* _PROVIDED ENTRIES_:
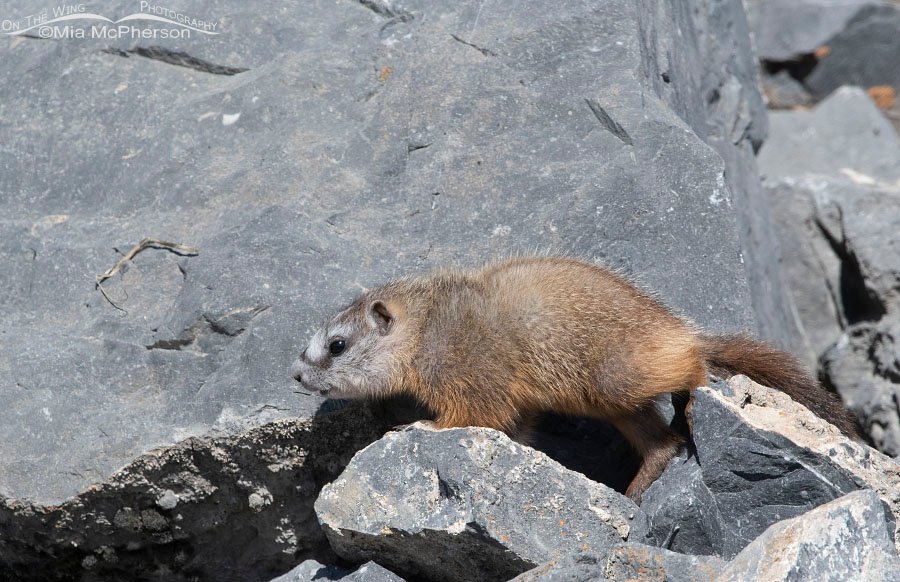 Yellow-bellied Marmot pup with a pale face, Box Elder County, Utah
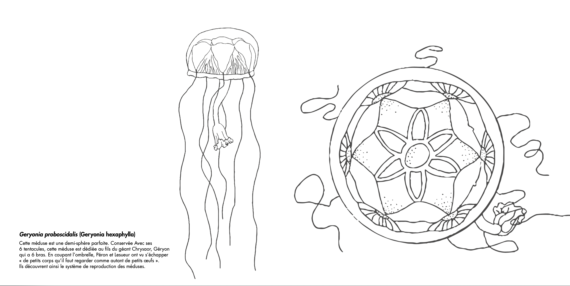 Meduse - jellyfish coloriage watercolor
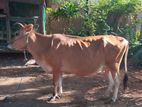 Farm Cows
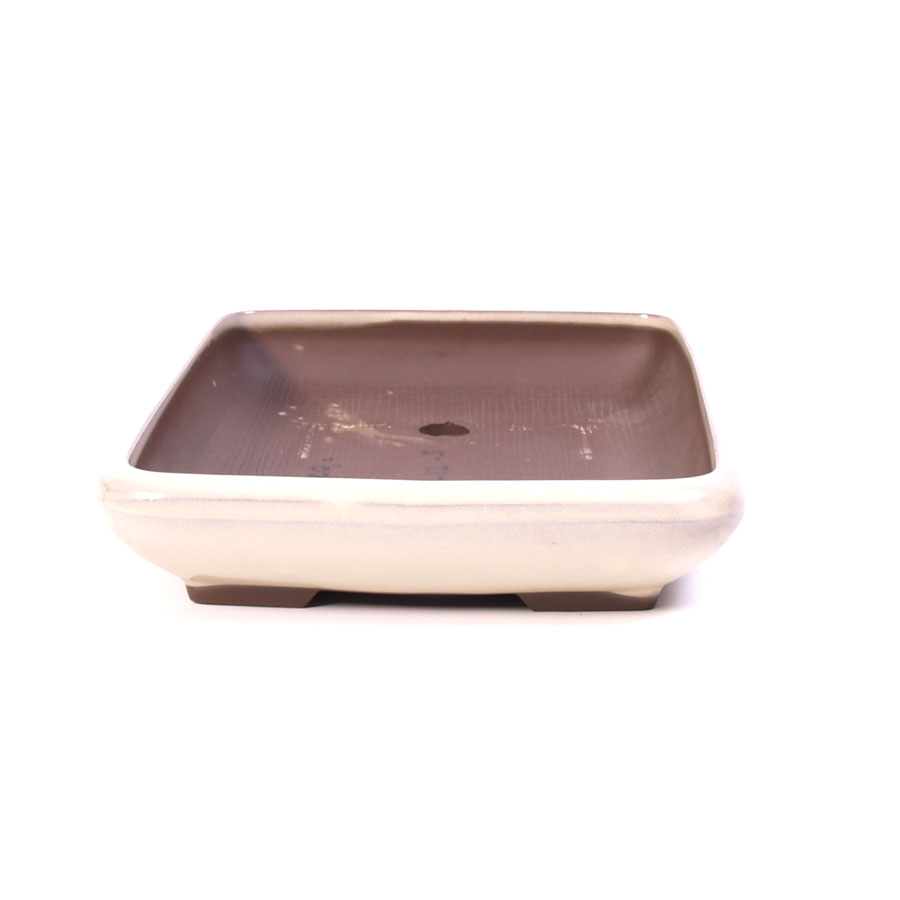 Pot à bonsaï crème rectangulaire 15,5 cm
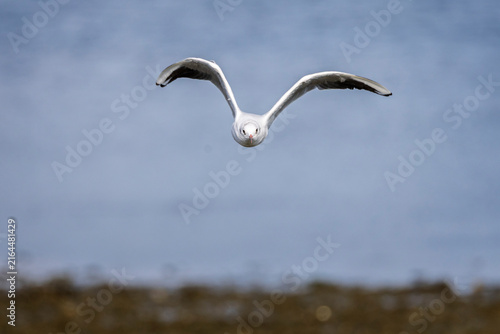 Принти на полотні Close up of a black headed gull flying towards camera along shoreline in Dorset,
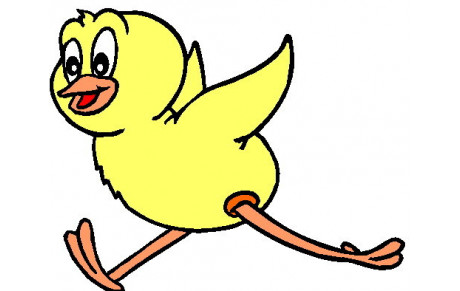 Eclosion d'une couvée de poussins à la Rotonde ?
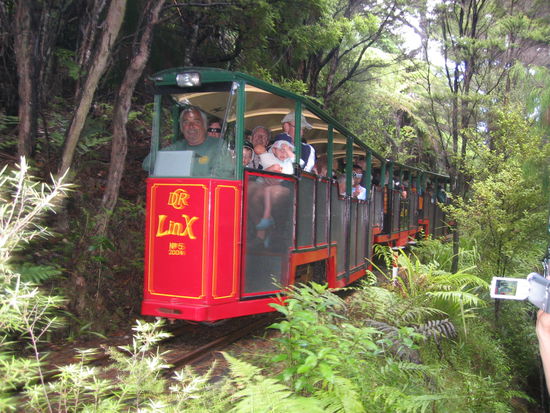 Driving Creek Railway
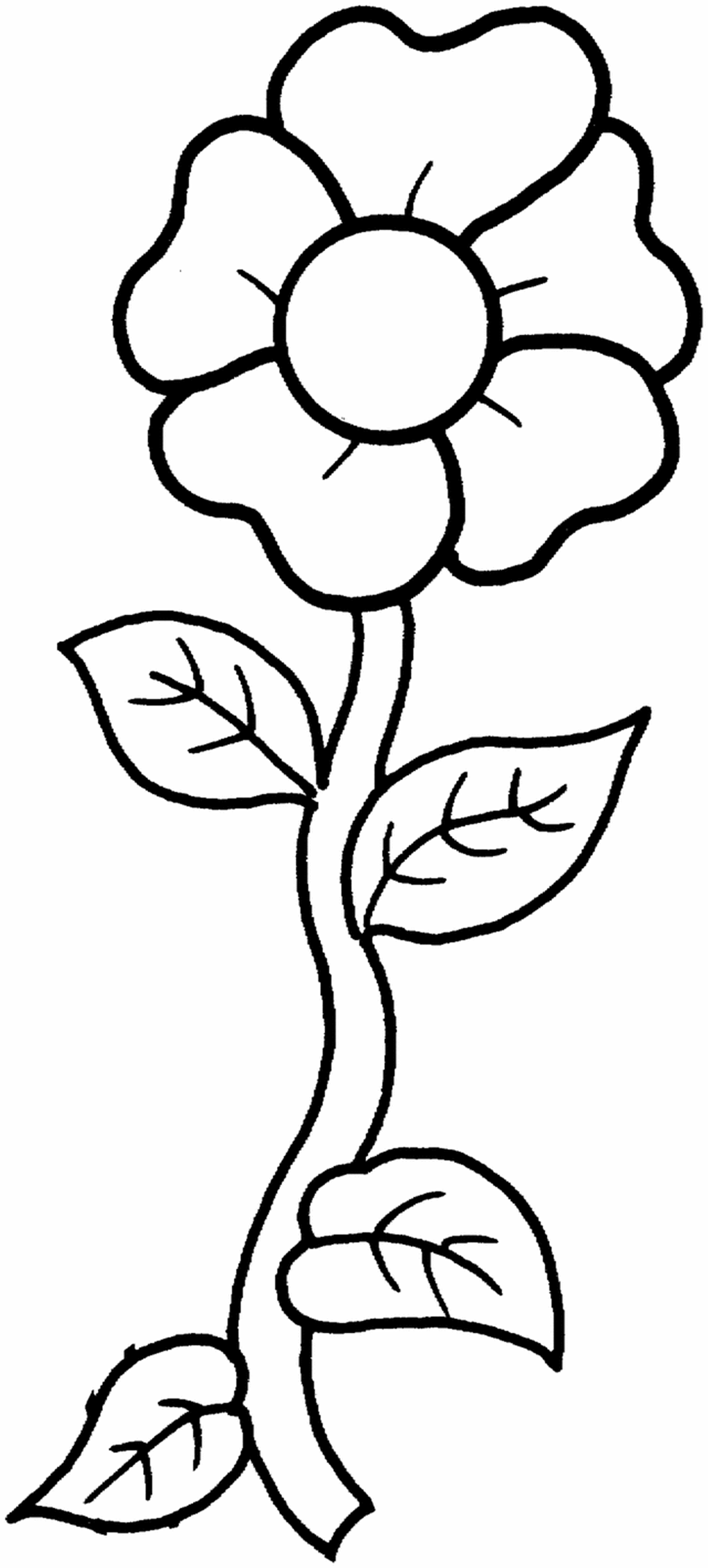 images of coloring pages of flowers - photo #19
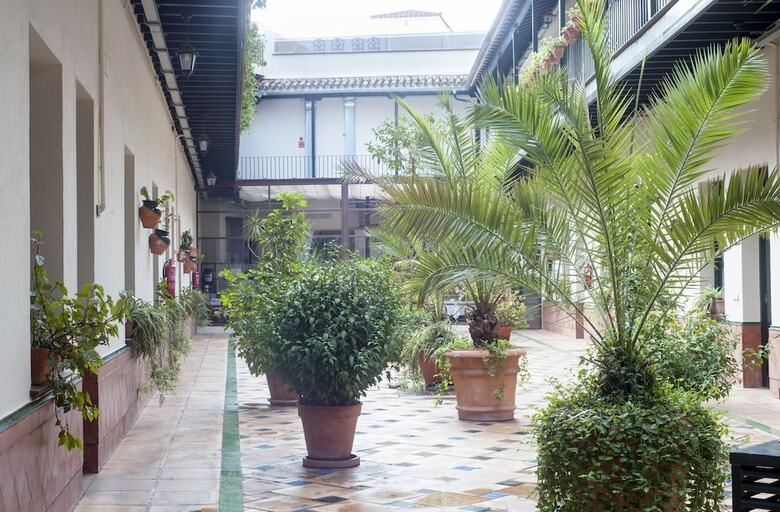 Apartamentos Patio Cartuja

* _DESCRIPTION OF THE TASK_:
Could you retype exactly, and only, the lines running from the one with "Driving Creek Railway" to the last line of the listing, while leaving any pictures out?

* _ANSWER_:
 Driving Creek Railway
 images of coloring pages of flowers - photo #19
 Apartamentos Patio Cartuja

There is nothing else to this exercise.